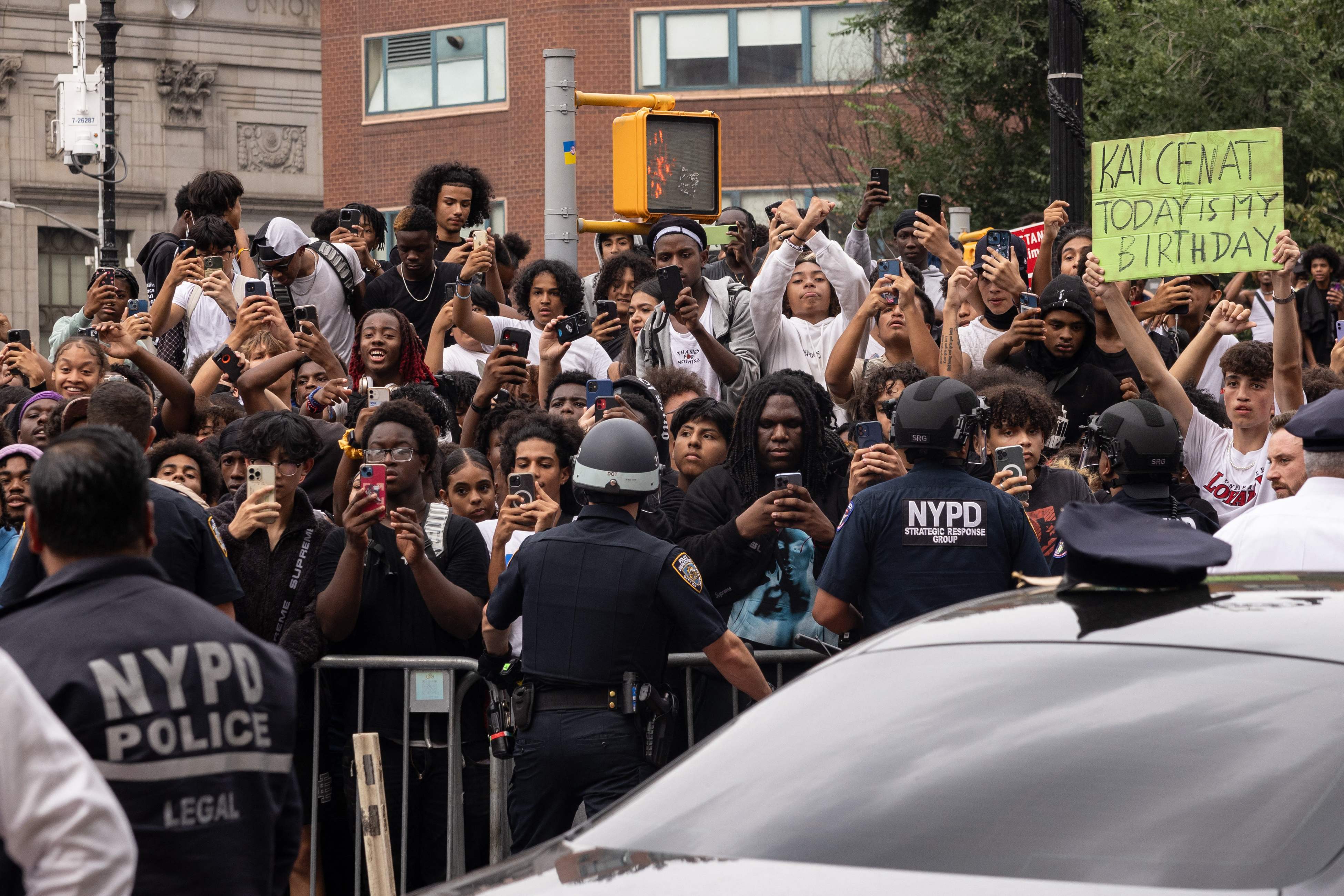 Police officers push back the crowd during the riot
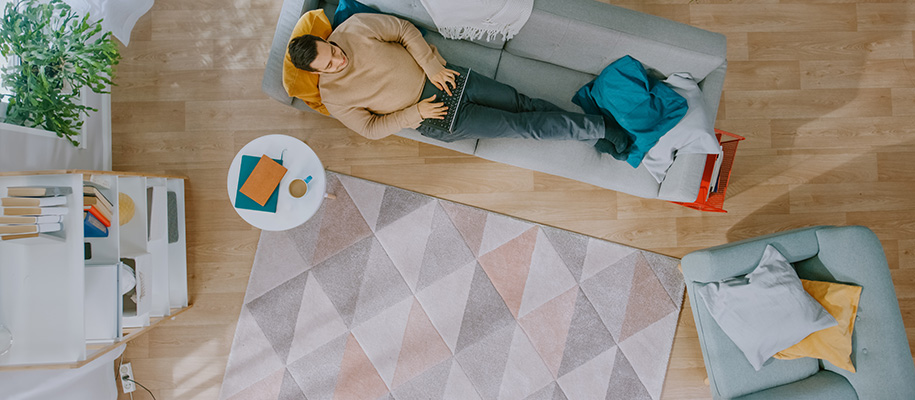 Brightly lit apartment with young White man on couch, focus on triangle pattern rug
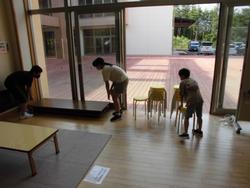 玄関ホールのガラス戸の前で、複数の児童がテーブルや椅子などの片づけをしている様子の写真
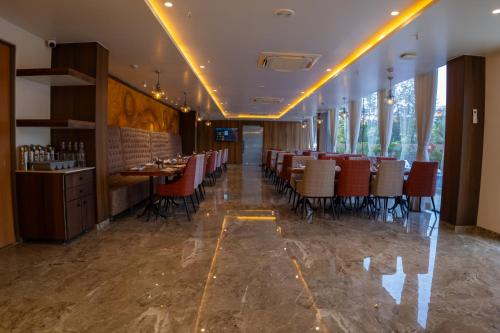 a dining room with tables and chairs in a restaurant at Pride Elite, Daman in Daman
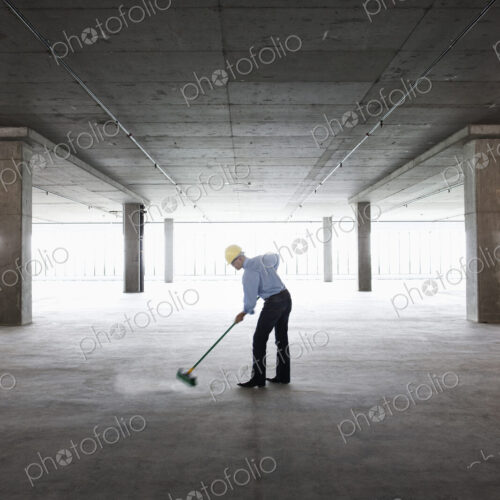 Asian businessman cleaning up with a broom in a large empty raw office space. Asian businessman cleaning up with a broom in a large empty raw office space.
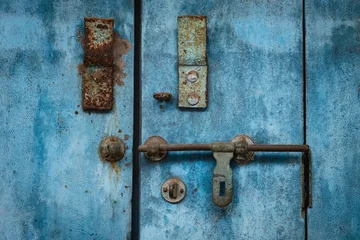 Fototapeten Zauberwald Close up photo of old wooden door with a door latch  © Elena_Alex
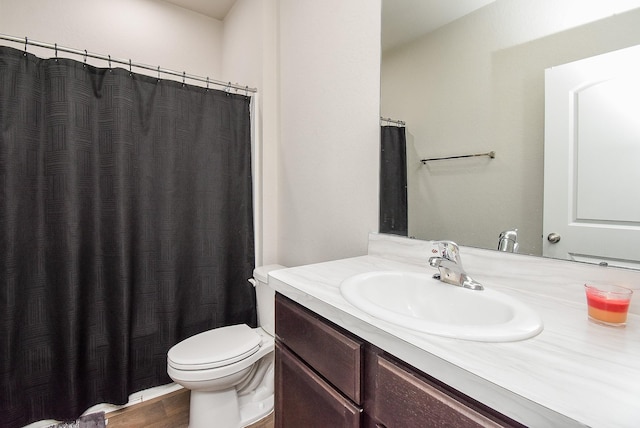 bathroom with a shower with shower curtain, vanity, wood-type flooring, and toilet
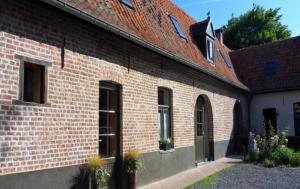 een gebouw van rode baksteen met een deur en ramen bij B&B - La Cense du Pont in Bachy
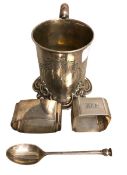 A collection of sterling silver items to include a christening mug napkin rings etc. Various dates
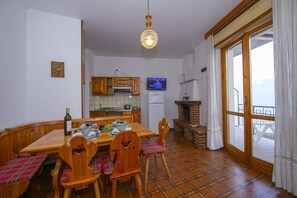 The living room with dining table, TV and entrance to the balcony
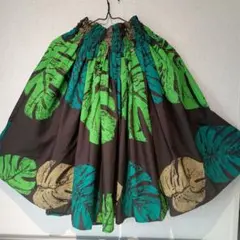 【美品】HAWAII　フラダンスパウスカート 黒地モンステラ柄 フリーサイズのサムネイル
---
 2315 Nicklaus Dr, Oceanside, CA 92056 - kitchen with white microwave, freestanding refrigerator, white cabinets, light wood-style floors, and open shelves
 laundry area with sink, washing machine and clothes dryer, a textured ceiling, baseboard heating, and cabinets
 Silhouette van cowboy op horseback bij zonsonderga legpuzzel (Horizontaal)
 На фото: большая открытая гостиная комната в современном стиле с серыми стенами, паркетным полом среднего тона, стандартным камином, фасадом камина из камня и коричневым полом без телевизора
---
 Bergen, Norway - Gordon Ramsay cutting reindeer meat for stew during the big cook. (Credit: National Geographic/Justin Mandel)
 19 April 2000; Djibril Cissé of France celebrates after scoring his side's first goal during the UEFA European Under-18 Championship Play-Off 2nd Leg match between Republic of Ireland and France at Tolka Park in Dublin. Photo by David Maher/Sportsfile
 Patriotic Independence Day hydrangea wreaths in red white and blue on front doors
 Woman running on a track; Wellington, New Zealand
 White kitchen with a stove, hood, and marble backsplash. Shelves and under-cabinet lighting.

▶ Your assignment
Begin at the line above that has "2315 Nicklaus Dr, Oceanside, CA" and stop after the line that has "laundry area with", copying each line exactly and adding nothing else.

▶ Task answer
 2315 Nicklaus Dr, Oceanside, CA 92056 - kitchen with white microwave, freestanding refrigerator, white cabinets, light wood-style floors, and open shelves
 laundry area with sink, washing machine and clothes dryer, a textured ceiling, baseboard heating, and cabinets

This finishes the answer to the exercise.